Description of the artwork «New planet»
Konstantin Yuon's
"A new planet" painting was a by-product of the artist's work on a curtain for the Bolshoi theatre. Such image appeared to be inappropriate for the curtain of the main theatre of the country, and Yuon made an easel painting from his sketches. Soviet art history has interpreted it as a monumental depiction of the birth of a new country akin to the creation of a new planet. However, if you look almost a hundred years after, it may seem the image of a cosmic catastrophe, not the glorification of the new planet. In any case, this looks like a cataclysm of the universal scale.
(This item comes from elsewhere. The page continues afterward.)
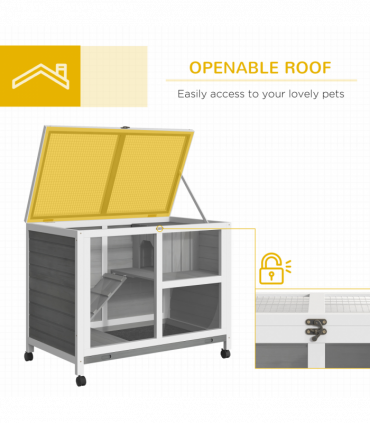 Wood Rabbit Hutch Bunny Cage Pet House Indoor W/ Tray Ramp, Grey Pawhut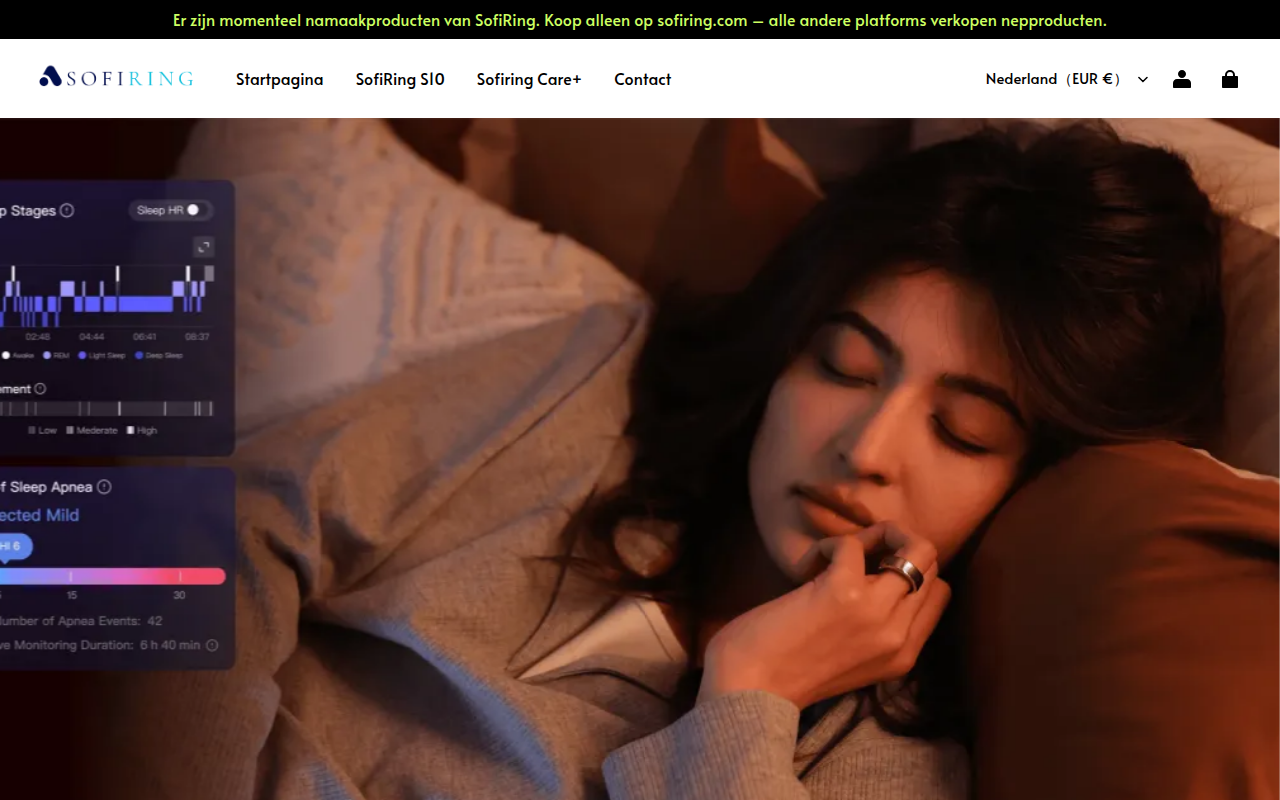 Screenshot van nl.sofiring.com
Yuon symbolically depicted the 1917 October revolution. Scarlet (bloody?) planet seems to give off its heat to the viewers. And what the participants have! On the right we can see the figures who are looking at the red planet (with excitement? with fear? or with horror...), some of them are fallen (dead?), some of them rushed in the opposite direction as they are running away. The group of people to the left seems to be trying to protect themselves from the blazing ball and to reach the "old" world. All the figures are shown naked or in animal skins, which gives the painting the grandeur of a myth, the sense of primeval creation. On the left, one can notice two armed men, who are pulling away a naked man. It is time to remember another strange work of Yuon,
"The People" where it is easy to recognize the contours of the Solovki special purpose camp. Aren't they pulling him right there?
You can interpret the "New planet" in different ways. Yuon, most likely, was not quite aware how he treated the Soviet reality in general, and specifically the role of the October revolution. But he surely realised that it was the large-scale metamorphosis.